Reid and Striano (2007) propose that for a baby to react successfully to a social situation, four stages of cognitive processing of the task must occur: (1) the detection of socially relevant organisms; (2) the identification of socially relevant organisms; (3) the evaluation of the place of attention and direction of the individual’s gaze observed in relation to the child; and (4) the detection of any attention directed to objects or involvement of objects by the observed individual. As a consequence, if the previous stage were successful, then another stage is reached; in the fifth stage, the baby is able to infer the observed objective and/or prepare an appropriate response (e.g., establishing contact).

Reid and Striano (2007) suggest that the detection of biological movement, an early cognitive ability in babies, plays a key role in the detection of co-specifics and, therefore, in identifying the specifics of social interaction in stage 1. Stage 2 is possible because babies can identify idiosyncrasies in the observed organisms, for example, discriminating between a familiar and unfamiliar individual. In relation to stage 3, these abilities are supported because human babies are sensitive to the elements of the human face, especially to follow the gaze of the observed subject. In addition, they are able to distinguish whether an adult interacts in a salient manner, providing contingent feedback on social interaction, such as smiles and vocalizations, or interacts in an irregular manner, with a delay in social return (Striano et al., 2005).

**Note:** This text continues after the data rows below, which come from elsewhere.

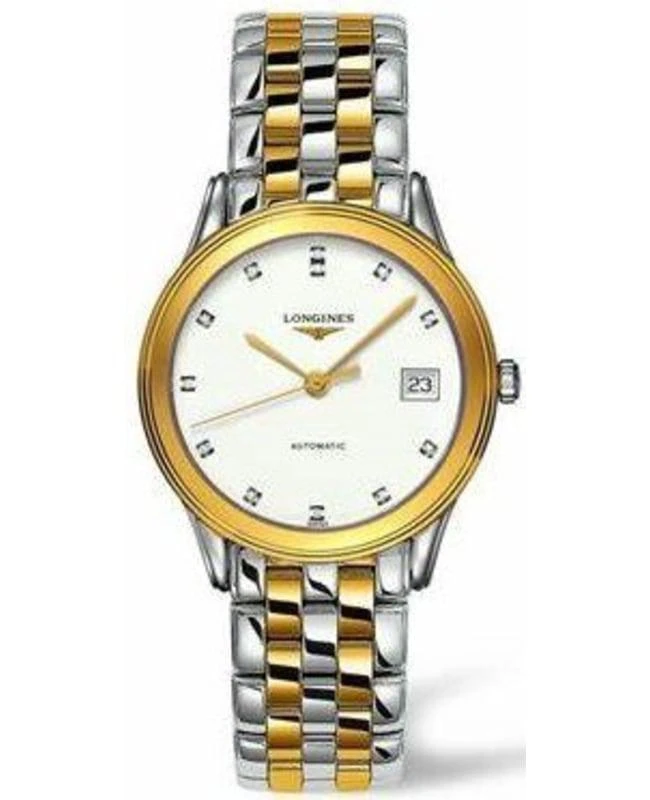 商品Longines|Longines Flagship Automatic White Dial Diamond Stainless Steel and Yellow Gold Women's Watch L4.374.3.27.7,价格¥11732,第1张图片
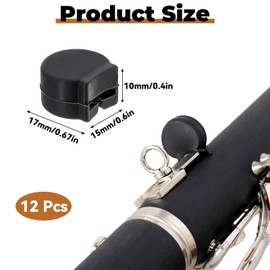 12 Pack Rubber Clarinet Thumb Rest Cushion Protector Rubber Clarinet Oboe Thumb Protector Musical Instrument Accessories Fit for Most Clarinet (Black)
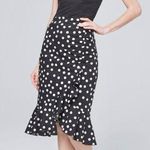 White House | Black Market WHBM Black Polka Dot Printed Poplin Ruffled Skirt 4 Photo 0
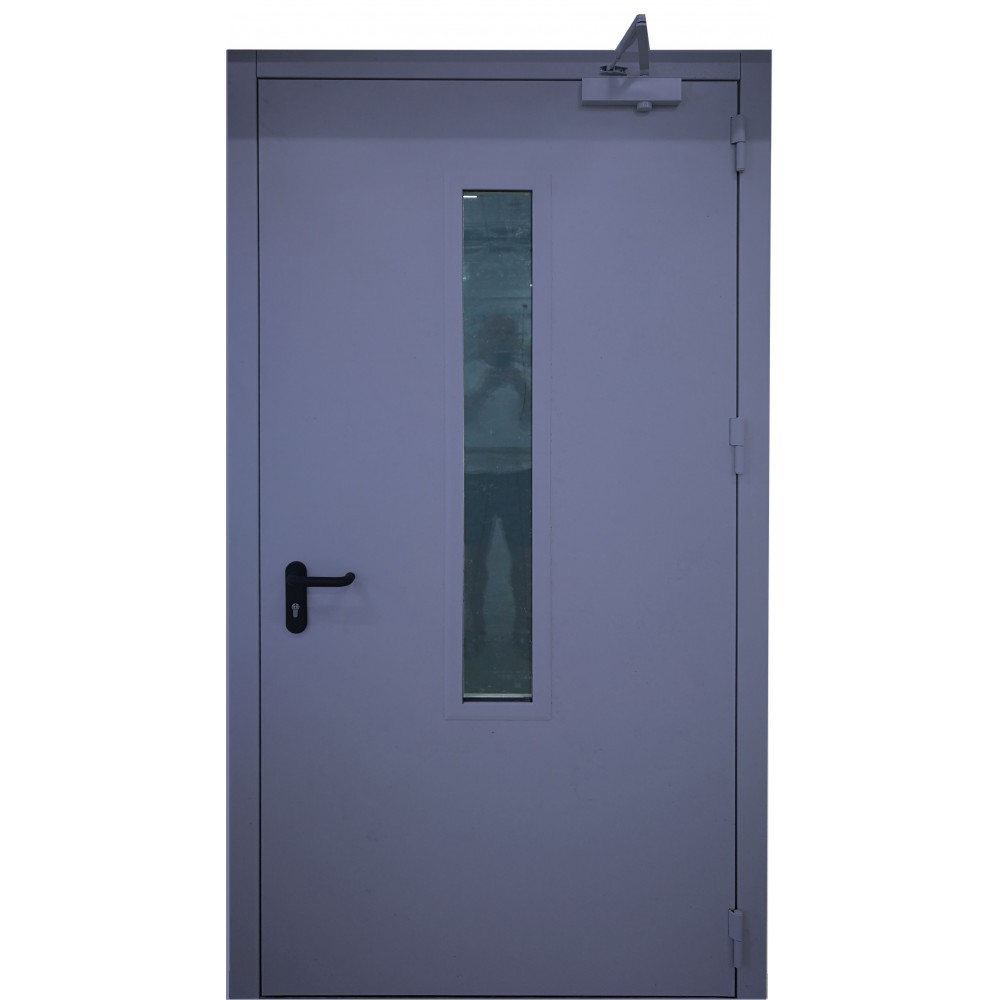 tamsiai mėlynos spalvos metalinės vidaus durys su stiklu PROTECTUS, NESTANDARTINIŲ MATMENŲ METALINES DURIS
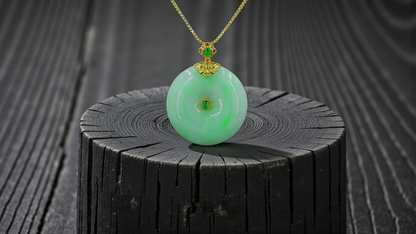 Emperors' Round Burmese A-Jadeite 24.00 mm Donut Pendant (with 18K Yellow Gold) - Certified - V12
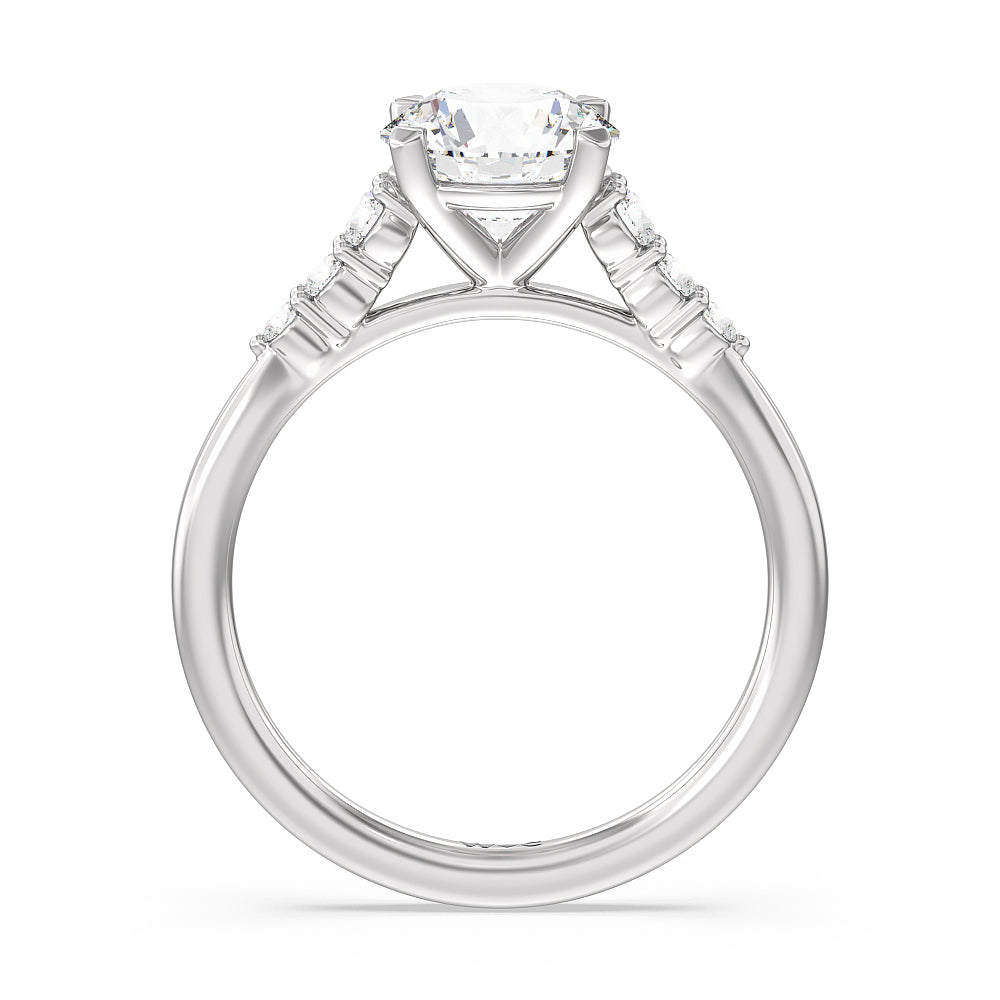 Tapered Classic Diamond Engagement Ring with Round Cut Diamond in 14KT Platinum view 2
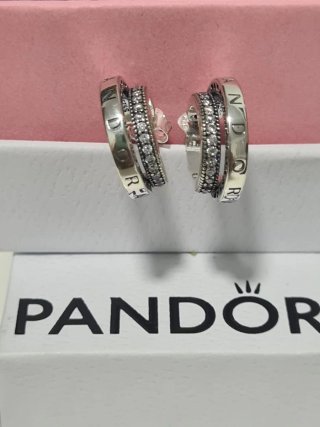 Pendientes Pandora Doble Aro Plata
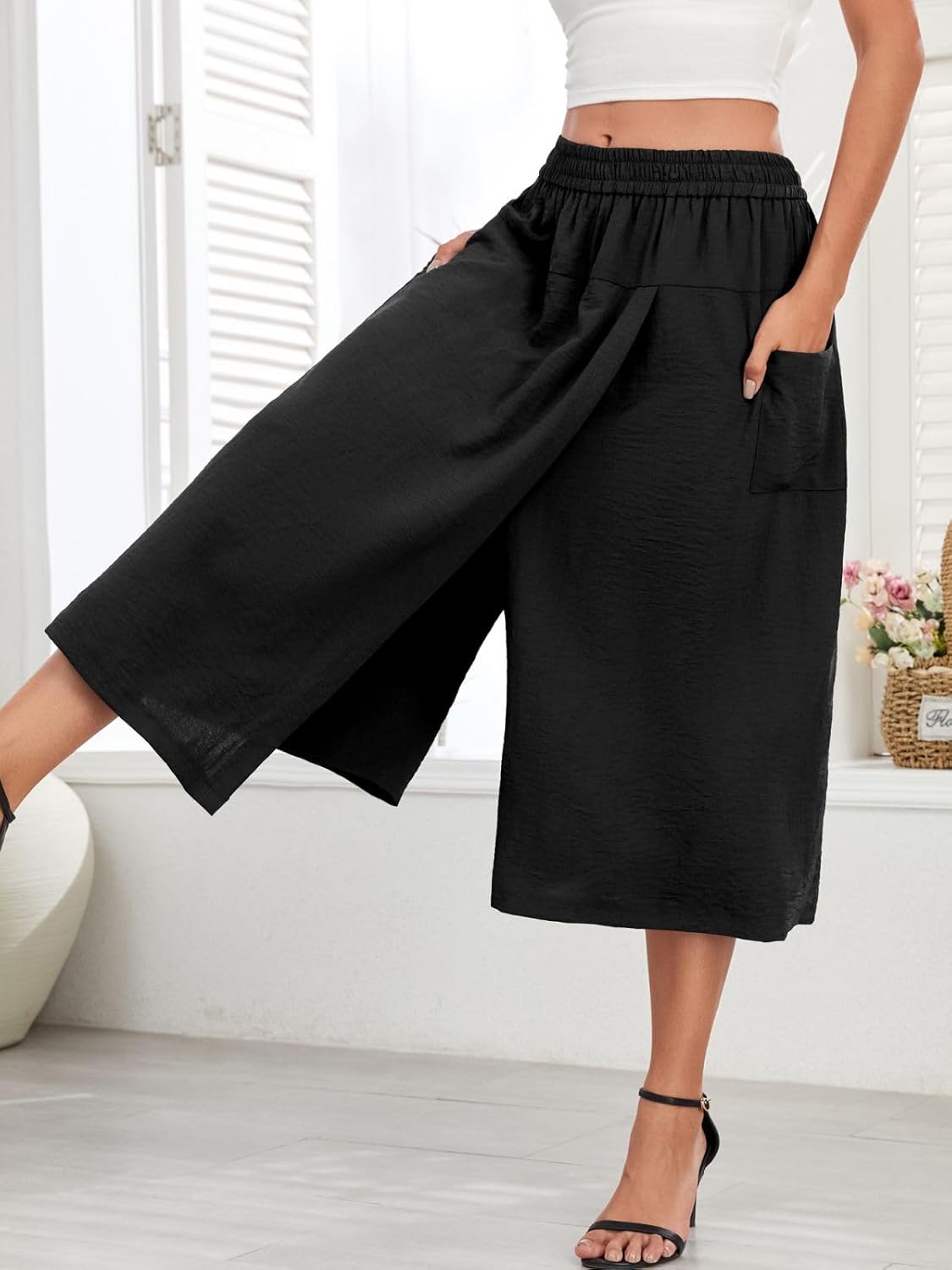 Women's Novelty Pants Relaxed Fit Capri Culottes Flowy Palazzo Skorts with Pockets - Image 3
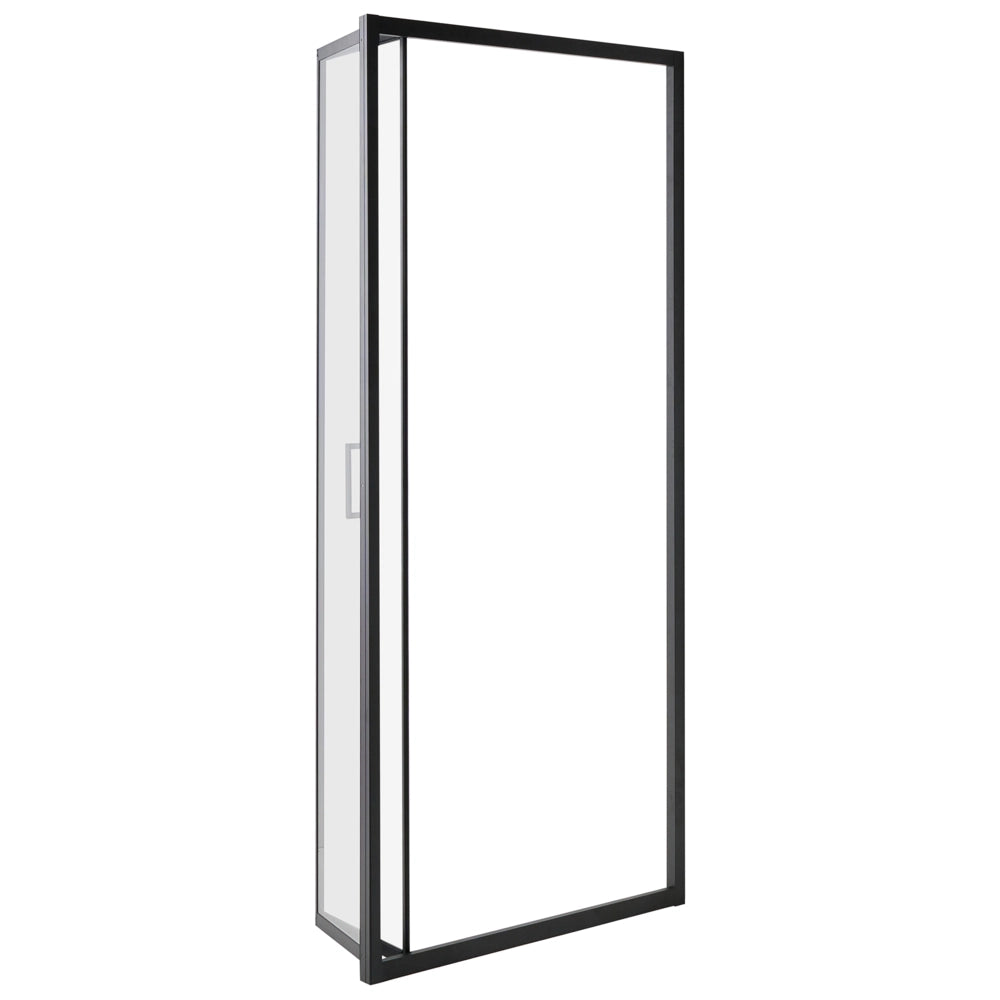 Porta da doccia pieghevole in vetro temperato trasparente con anta 80 x 190 cm Nero design elegante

Finally, babies are competent in discerning a relationship between a person and an object (Stage 4). In another study, Reid and Striano (2005) found that the direction of a person’s gaze affects the coding of new objects in 4-month-old babies. In this study, in a first experimental condition, the babies saw the face of a woman with new toys being presented on her right and left sides. The woman then directed her gaze to one side, thus capturing a certain object, and as a consequence, she averted her gaze from the other toy. In a second experimental condition, the 4-month-old babies were presented to the two toys again and looked more at the toy that had not been looked at in the first condition, probably because of the little attention paid to it, and only after that to the toy looked at in the first condition. This suggests that 4-month-old babies not only follow the adult’s gaze in the first condition but also acquire more information about the object that was the focus of adult attention. It is quite convincing that human babies respond early to social cues, however, an idea valued for social and affective neuroscience is that in order to adequately manage the complex levels of social interaction that characterize our social life, human beings need to develop specific social-cognitive mechanisms, such as Theory of Mind.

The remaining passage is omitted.